Provisions of Mental Healthcare Bill 2016, its application in prisons and the prescribed Nelson Mandela Rules for Prison inmates.

GS IV: Public/Civil service values and ethics in public administration: Status and problems.

Caring for our prisoners’ minds

Prisoners cannot become a default facility for those with mental illness.

National Crime Records Bureau (NCRB) statistics in 2015 identified a total of 5,203 inmates (1.2% of total inmates) as those having mental illness.

Issues:

  • Prisons receive little or negligible attention.
  • There is social apathy towards the institution and its inmates.
  • Prison officials command less recognition than their peers which leads to a plunge in morale.
  • As a result, prisoners with mental illnesses are grossly ignored which further enhances their disabilities.

Nelson Mandela Rules on Healthcare:

  • A lot of prisons are in crisis. Many are overcrowded, others are inadequate.
  • Across the world, prisoners face health risks, violence, high rates of recidivism*, as well as emerging threats, such as violent extremism in prisons.
  • All of these challenges have added to the complexity of combining security, safety and human dignity within prison systems.
  • The rules with respect to Prison Health are:
    1. As the state bears responsibility for those it deprives of their liberty, healthcare must be provided in prison and offered at the same level of care as in the community.
    2. In line with good practice, prison healthcare should be organised in close cooperation with community health services, including to ensure continuity of care.
    3. The role of healthcare professionals in prison must be clearly separate from that of the prison administration.
    4. Healthcare staff must not be involved in prison management issues, such as disciplinary measures, and their clinical decisions must not to be overruled or ignored by non-medical prison staff.
    5. Prison healthcare staff have a duty to report any signs of torture or other inhuman treatment.
    6. When prisoners see a doctor they are patients just like they would be in the community. Patients must give their informed consent to any medical interventions and examinations, and their medical records are confidential.
    7. The competent public health body should regularly inspect and advise the prison director on a variety of issues impacting on the health and well-being of prisoners – as well as prison staff.
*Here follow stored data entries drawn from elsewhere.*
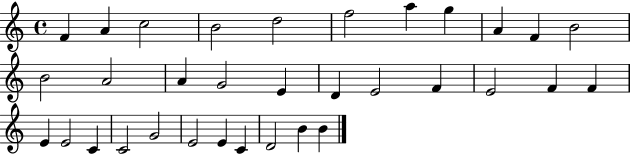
{
  \clef treble
  \time 4/4
  \defaultTimeSignature
  \key c \major
  f'4 a'4 c''2 | b'2 d''2 | f''2 a''4 g''4 | a'4 f'4 b'2 | \break b'2 a'2 | a'4 g'2 e'4 | d'4 e'2 f'4 | e'2 f'4 f'4 | \break e'4 e'2 c'4 | c'2 g'2 | e'2 e'4 c'4 | d'2 b'4 b'4 | \break \bar "|."
}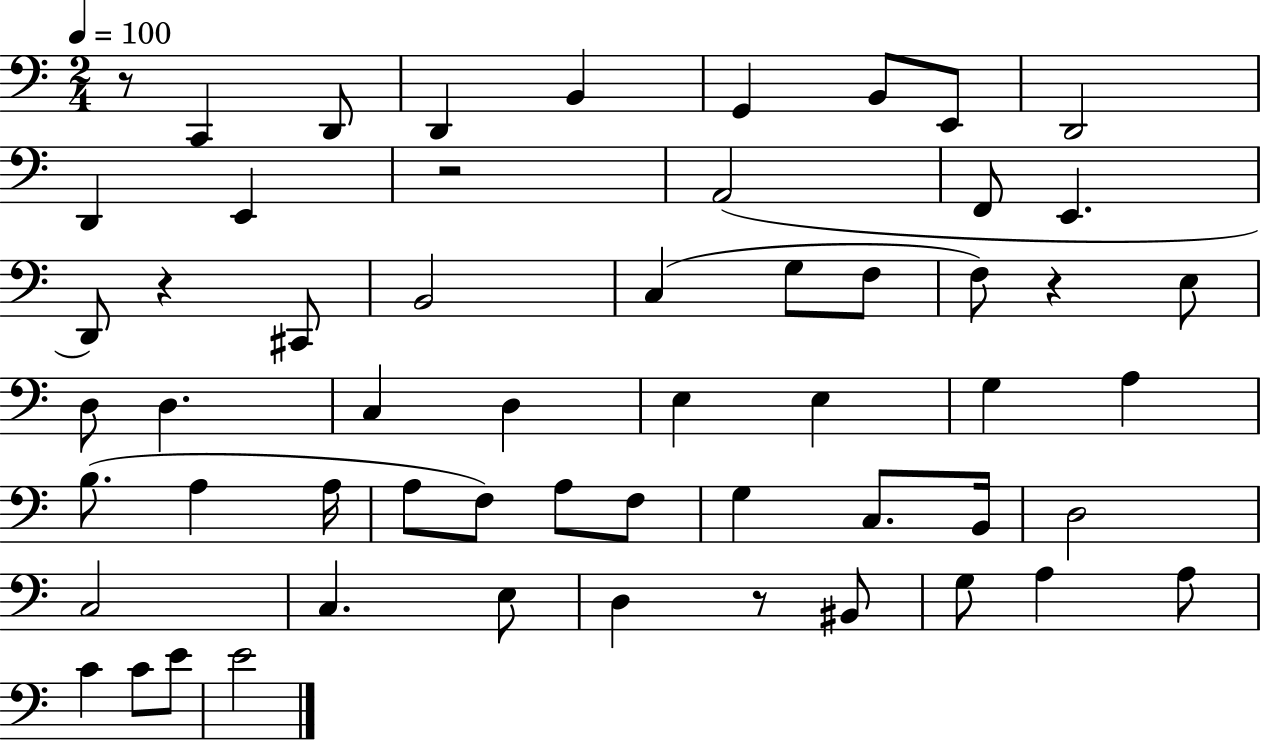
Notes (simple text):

R/e C2/q D2/e D2/q B2/q G2/q B2/e E2/e D2/h D2/q E2/q R/h A2/h F2/e E2/q. D2/e R/q C#2/e B2/h C3/q G3/e F3/e F3/e R/q E3/e D3/e D3/q. C3/q D3/q E3/q E3/q G3/q A3/q B3/e. A3/q A3/s A3/e F3/e A3/e F3/e G3/q C3/e. B2/s D3/h C3/h C3/q. E3/e D3/q R/e BIS2/e G3/e A3/q A3/e C4/q C4/e E4/e E4/h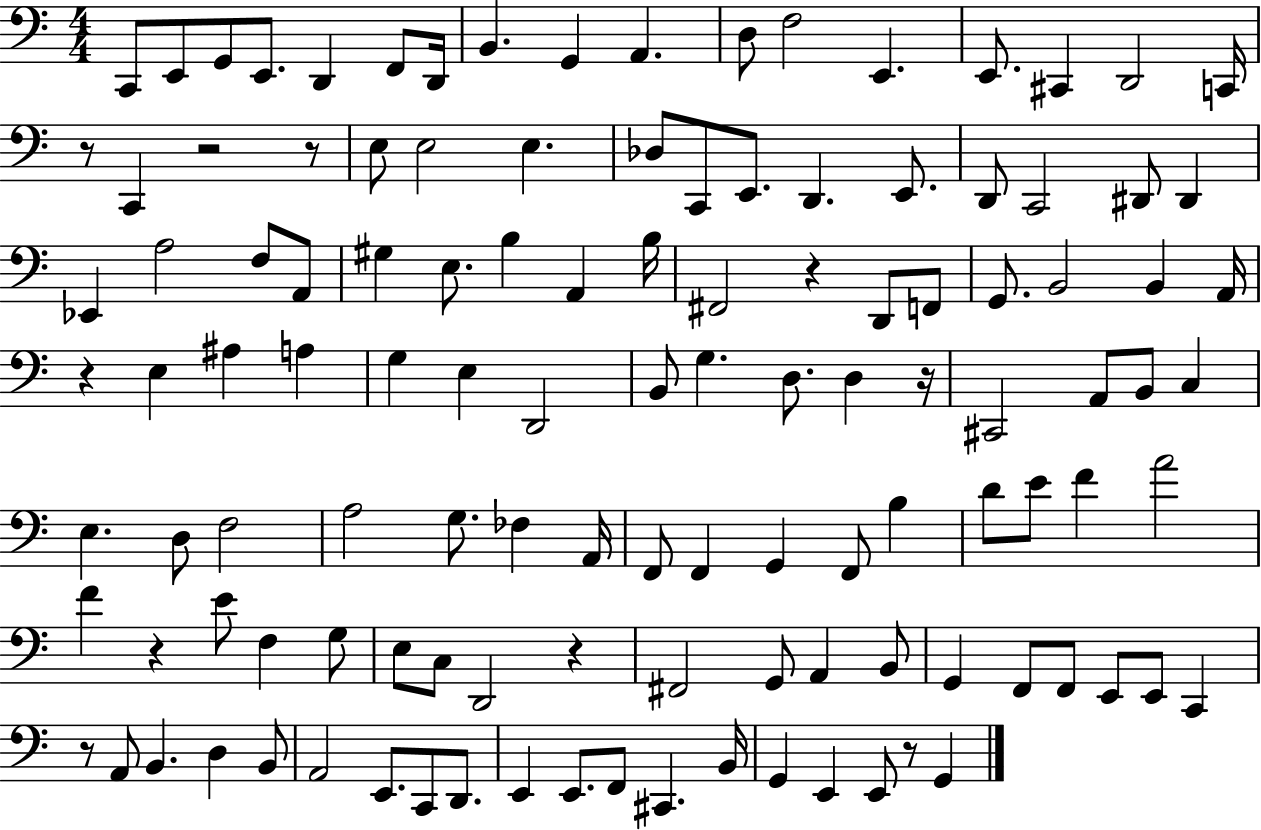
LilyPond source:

{
  \clef bass
  \numericTimeSignature
  \time 4/4
  \key c \major
  \repeat volta 2 { c,8 e,8 g,8 e,8. d,4 f,8 d,16 | b,4. g,4 a,4. | d8 f2 e,4. | e,8. cis,4 d,2 c,16 | \break r8 c,4 r2 r8 | e8 e2 e4. | des8 c,8 e,8. d,4. e,8. | d,8 c,2 dis,8 dis,4 | \break ees,4 a2 f8 a,8 | gis4 e8. b4 a,4 b16 | fis,2 r4 d,8 f,8 | g,8. b,2 b,4 a,16 | \break r4 e4 ais4 a4 | g4 e4 d,2 | b,8 g4. d8. d4 r16 | cis,2 a,8 b,8 c4 | \break e4. d8 f2 | a2 g8. fes4 a,16 | f,8 f,4 g,4 f,8 b4 | d'8 e'8 f'4 a'2 | \break f'4 r4 e'8 f4 g8 | e8 c8 d,2 r4 | fis,2 g,8 a,4 b,8 | g,4 f,8 f,8 e,8 e,8 c,4 | \break r8 a,8 b,4. d4 b,8 | a,2 e,8. c,8 d,8. | e,4 e,8. f,8 cis,4. b,16 | g,4 e,4 e,8 r8 g,4 | \break } \bar "|."
}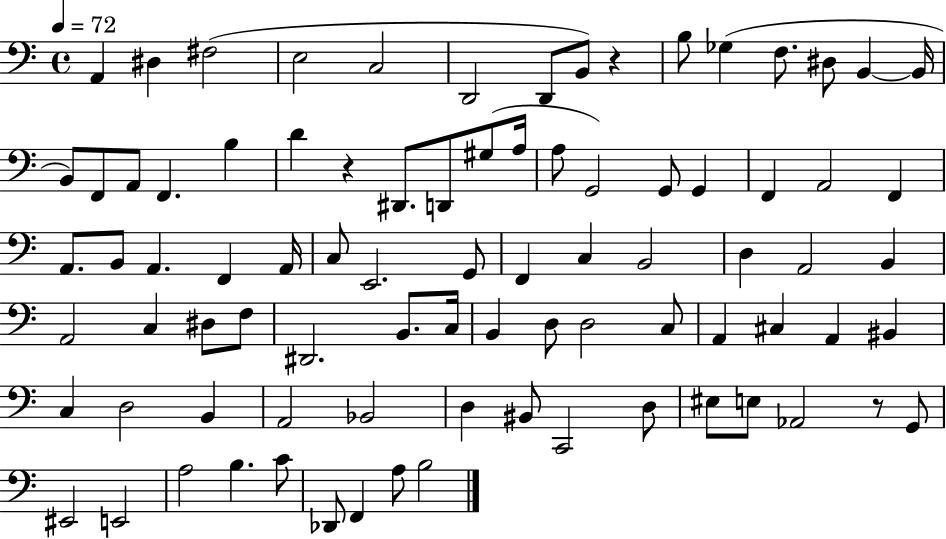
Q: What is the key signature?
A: C major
The Union govt. has recently passed the Mental Healthcare Bill. One of the prime features of the bill is that it seeks to provide proper health-care, treatment and rehabilitation of mentally ill persons “in a manner that does not intrude on their rights and dignity.”

  • Salient Features of the Mental Health Bill, 2016:
    1. Decriminalises suicide attempt by mentally ill people. Section 309 of the IPC will not be applicable to them .
    2. Rights of persons with mental illness: This provision states that every person will have the
      • right to access mental healthcare from services which are operated or funded by the government.
      • It also includes good quality, easy and affordable access to services.
      • It also provides for the right to equality of treatment,
      • seeks to protect such persons from inhuman treatment,
      • access to free legal services, their medical records, and
      • the right to complain in the event of regarding deficiencies in provisions.
    3. Advance Directive:  Explains how she/he wants to be treated for the requisite illness and who her/his nominated representative shall be.
      • This directive has to be vetted by a medical practitioner.
    4. Every mental health establishment has to be registered with the respective Central or State Mental Health Authority.
    5. The bill also outlines the procedure and process for admission, treatment and subsequent discharge of mentally ill persons.
    6. Mental Health Review Commission and Board:
      • This is a quasi-judicial body responsible for reviewing procedure for making advance directives.
      • It will also advise the government on the protection of mentally ill persons’ rights.
      • It further states that the body in agreement with the state governments constitute Mental Health Review Boards in states’ districts.
    7. Electro-convulsive therapy, which is allowed only with the use of anaesthesia, is however out of bounds for minors.

Conclusion:

  • The needs of inmates with mental health-care are more vulnerable than others.
  • Adapting to the prison environment is challenging.
  • Prisons are not designed for therapeutic care and cannot become a default facility for those with mental illness.
  • Equally significant is to train prison staff and reimagine prisons as ‘correctional centres’ in order to bring about transformative changes and reduce recidivism.
  • Reviewing our criminal justice system would invariably have to include a transformation of our approach from its current punitive form to a rehabilitative and reformative one, which would facilitate social reintegration of inmates.
  • In the words of Madiba, “a nation should not be judged by how it treats its highest citizens, but its lowest ones”.

Update Your Vocabulary:

Recidivism: a tendency to relapse into a previous condition or mode of behavior; especially :  relapse into criminal behavior.

Eg: high recidivism rates observed after cessation of smoking.